I'm going through "A First Course in Abstract Algebra," by Fraleigh, and I just started going through the chapters on actions on sets. I came across an exercise that asked about two groups related by a homomorphism and the implications of actions on a set:
Let $\phi:G\rightarrow H$ be a group homomorphism, and let $H$ on act a set $X$. What does this tell us about whether or not $G$ acts on $X$?

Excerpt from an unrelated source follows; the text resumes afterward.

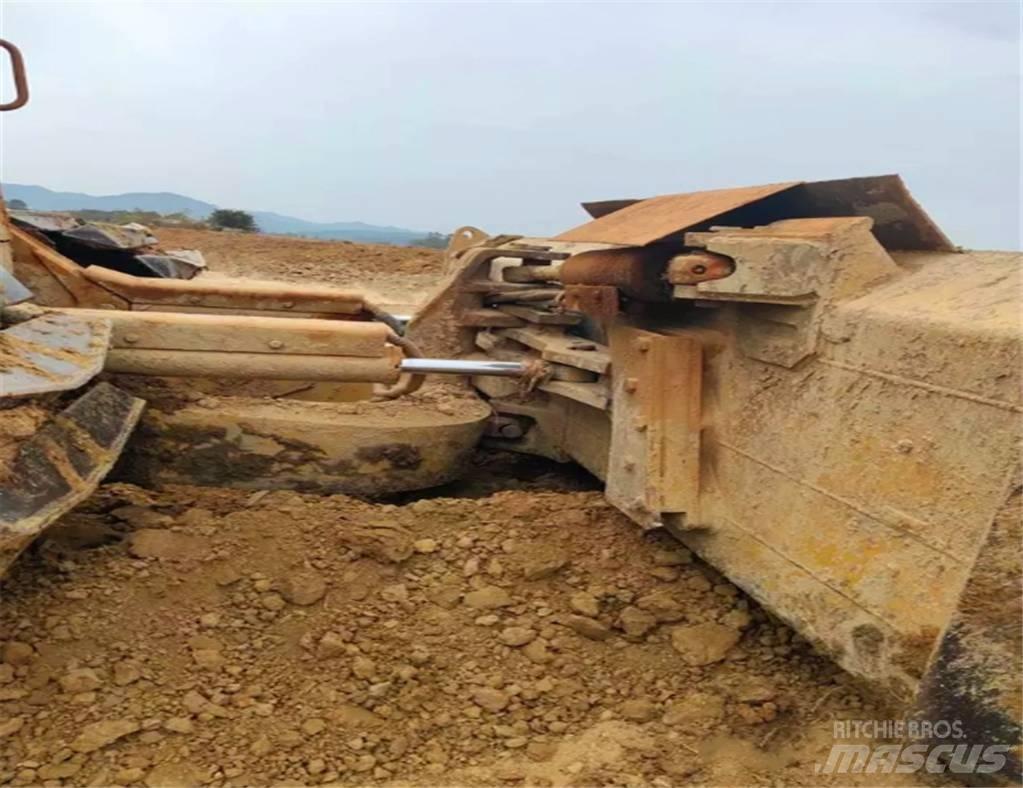 CAT D 6 N Buldooserid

I think that it does imply that $G$ acts on $X$ (it seems rather intuitive), and I've attempted to prove it below:
If a set $H$ acts on a set $X$, then we have that:
$(i)$ $\forall x\in X$, $e_Hx=x$
$(ii)$ $(h_1h_2)(x)=h_1(h_2x)$, $\forall x\in X$, $h_1,h_2\in H$
To show $(i)$, we note that $e_H=\phi(e_G)$, which implies that:
$$\phi(e_G)x=x$$
for all $x\in X$.
To show $(ii)$, we note that by the fact that $\phi$ is a homomorphism:
$$\phi(g_1g_2)=\phi(g_1)\phi(g_2)$$
for $g_1,g_2\in G$. We also have that $\phi(g_1)=h_1$, and $\phi(g_2)=h_2$. So:
$$\phi(g_1)\phi(g_2)=\phi(g_1g_2)=(h_1h_2)\rightarrow\phi(g_1g_2)(x)=h_1(h_2x)$$
by substitution into our previous statement. But the RHS is just:
$$h_1(h_2x)=\phi(g_1)\big[\phi(g_2)x\big]$$
so:
$$\rightarrow\phi(g_1g_2)(x)=\phi(g_1)\big[\phi(g_2)x\big]$$
Does this suffice/is there anything that can be made clearer/more concise? It seems like a fairly straightforward exercise, but the way it was phrased makes me a tad skeptical that it truly is that simple. Any advice would be sincerely appreciated. Cheers.

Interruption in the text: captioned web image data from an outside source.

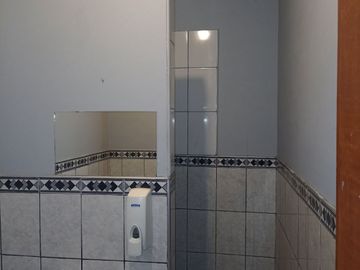 REMATO Casa-Edificio con local comercial en Santa Teresa de Ávila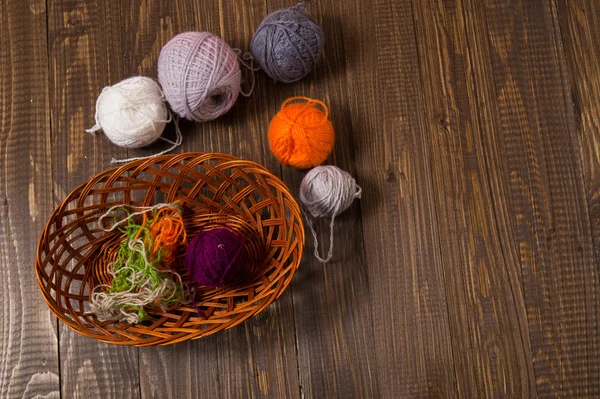 Clews in and around a basket — Stock Photo, Image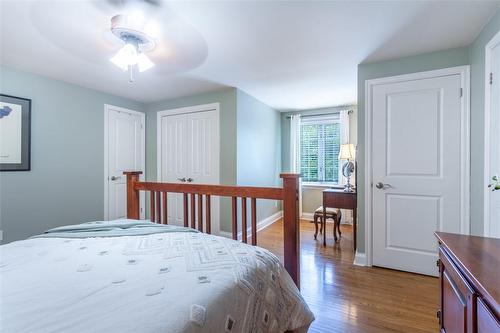 4173 Corrine Court, Burlington, ON - Indoor Photo Showing Bedroom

Your intuition is spot on, and the proof is okay (although I would write all the details to be sure of what's going on).
To be explicit, the action $G \circlearrowright X$ is defined as
$$ g \cdot x := \phi(x) \cdot x, \tag{1} $$
where the second dot means the product in the $H$-action.

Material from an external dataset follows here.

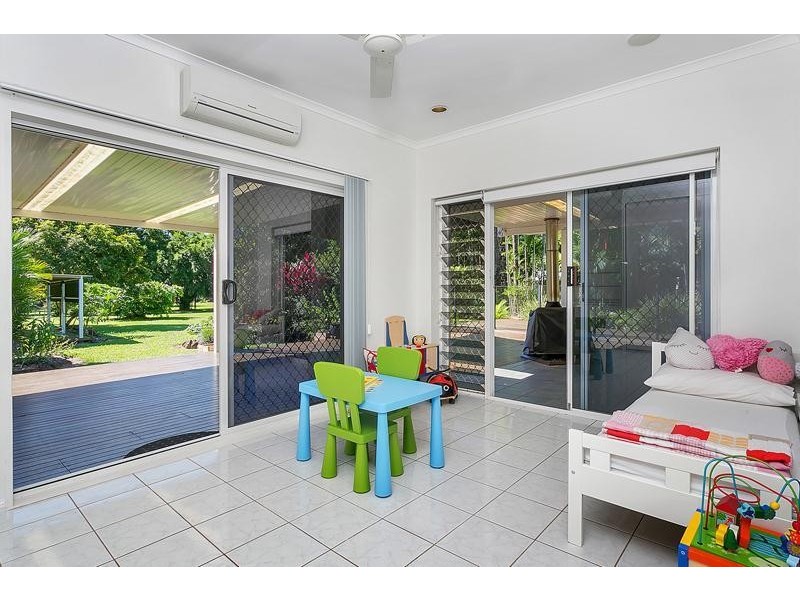 9-11 Soderberg Close, Redlynch QLD 4870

As for shorter proofs, if you have seen that actions $H \circlearrowright X$ are in correspondence with group homomorphisms $H \xrightarrow{\alpha} S(X)$ from $H$ to the group of bijections of $X$, then this reasoning reduces to noting that given a morphism $\phi : G \to H$ the composition
$$ G \xrightarrow{\phi} H \xrightarrow{\alpha} S(X) $$
is a group morphism, defining thus an action on $X$.
If you unwind the proof of this correspondence, you will obtain $(1)$ once again.